> [Available data]:
Start of Block

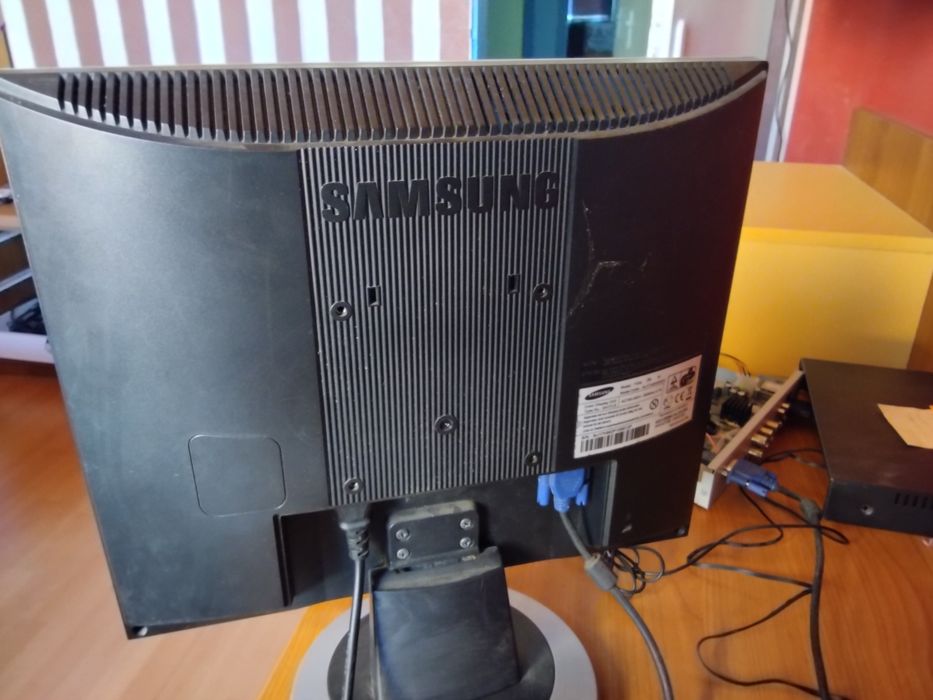 оригинален 17 инчов монитор Самсунг-перфектен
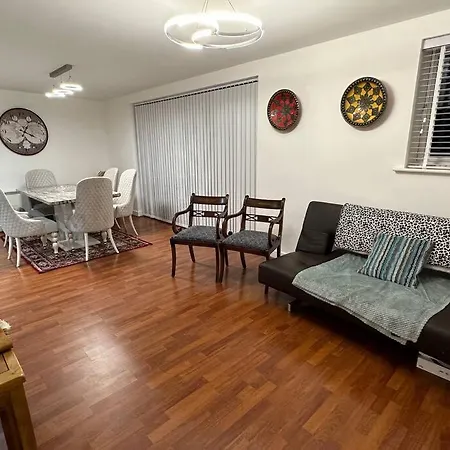 2 Bedrooms Luxurious Apartment In Luton Лутон Экстерьер фото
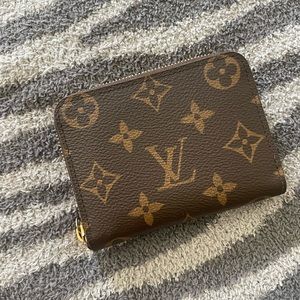 Louis Vuitton zip coin wallet like new purchased 2022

End of Block

> [Directions for this task]: Where images occur in the data above, leave them out and repeat everything else exactly.

> [Result below]:
 оригинален 17 инчов монитор Самсунг-перфектен
 2 Bedrooms Luxurious Apartment In Luton Лутон Экстерьер фото
 Louis Vuitton zip coin wallet like new purchased 2022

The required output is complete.